In addressing Dr. Narducci and the hospitals contention that the doctrines of res
ipsa loquitur and common knowledge do not apply to Tedrows claims against them,
we initially observe that medical malpractice actions are similar to other negligence actions.
Slease v. Hughbanks, 684 N.E.2d 496, 498 (Ind. Ct. App. 1997).
Generally, the mere fact that an injury occurred will not give rise to
a presumption of negligence. Baker v. Coca Cola Bottling Works, 132 Ind.
App. 390, 394, 177 N.E.2d 759, 762 (1961). The plaintiff must prove
that the defendant owed him a duty and that the defendant breached that
duty, which proximately caused an injury to the plaintiff. Slease, 684 N.E.2d
at 498. Physicians are not held to a duty of perfect care.
Id. Instead, the doctor must exercise the degree of skill and
care ordinarily possessed and exercised by a reasonably skillful and careful practitioner under
the same or similar circumstances. Id. at 498-99. To establish the
applicable standard of care and to show a breach of that standard, a
plaintiff must generally present expert testimony. Id. at 499. Because medicine
is an inexact science, an inference of negligence will not arise simply because
there is a bad result without proof of some negligent act. Carpenter
v. Campbell, 149 Ind. App. 189, 194, 271 N.E.2d 163, 166 (1971).
However, the doctrine of res ipsa loquitur is a qualified exception to the
general rule that the mere fact of injury will not create an inference
of negligence. Baker, 132 Ind. App. at 394, 177 N.E.2d at 762.
Res ipsa loquitur literally means the thing speaks for itself. Id. at 394,
177 N.E.2d at 761. Consequently, the facts or circumstances accompanying an injury
may be such as to raise a presumption, or at least permit an
inference, of negligence on the part of the defendant. Id. The
doctrine of res ipsa loquitur is a rule of evidence which allows an
inference of negligence to be drawn from certain surrounding facts. Vogler v.
Dominguez, 624 N.E.2d 56, 61 (Ind. Ct. App. 1993), trans. denied. Application
of the doctrine does not in any way depend on the standard of
care imposed by law but, rather, depends entirely upon the nature of the
occurrence out of which the injury arose. Id. Whether the doctrine
applies in any given negligence case is a mixed question of law and
fact. Id. The question of law is whether the plaintiffs evidence
included all of the underlying elements of res ipsa loquitur. Shull v.
B.F. Goodrich Co., 477 N.E.2d 924, 928 (Ind. Ct. App. 1985), trans. denied.
Specifically, this court has held that:
Under the doctrine of res ipsa loquitur, negligence may be inferred where 1)

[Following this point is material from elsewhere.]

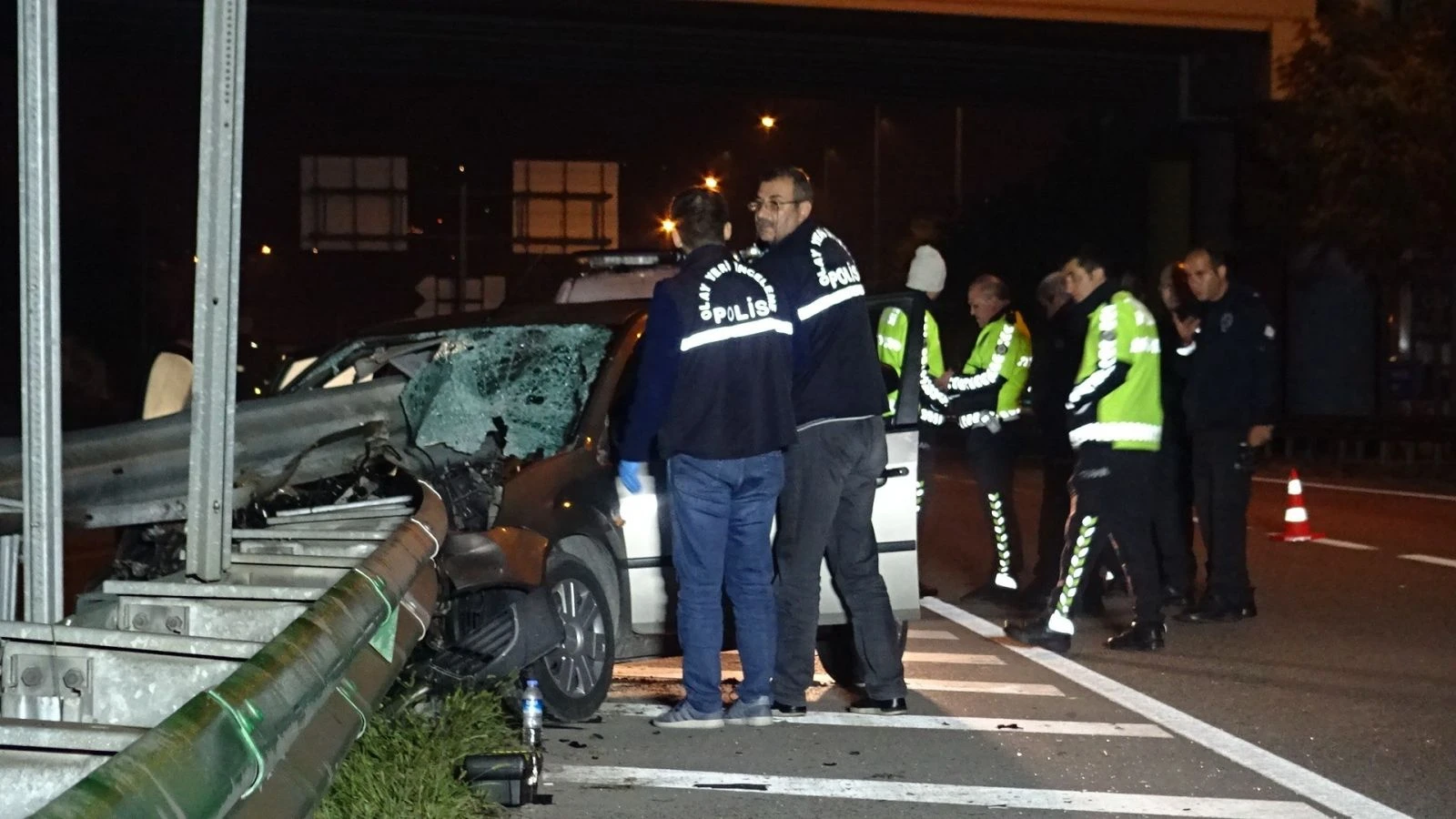 Aşırı hız ölüm getirdi, kafasına bariyer saplandı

the injuring instrumentality is shown to be under the management or exclusive control
of the defendant or his servants, and 2) the accident is such as
in the ordinary course of things does not happen if those who have
management of the injuring instrumentality use proper care.
Vogler, 624 N.E.2d at 61. A plaintiff relying on res ipsa loquitur
may establish the second prong, and show that the event or occurrence was
more probably the result of negligence, by relying upon common knowledge or expert
testimony. Id. Expert testimony is required only when the issue
of care is beyond the realm of the lay person. Stumph v.
Foster, 524 N.E.2d 812, 815 (Ind. Ct. App. 1988). In other words,
the standard of care need not be established by expert opinion when the
doctors conduct was understandable by the jury without extensive technical input. Id.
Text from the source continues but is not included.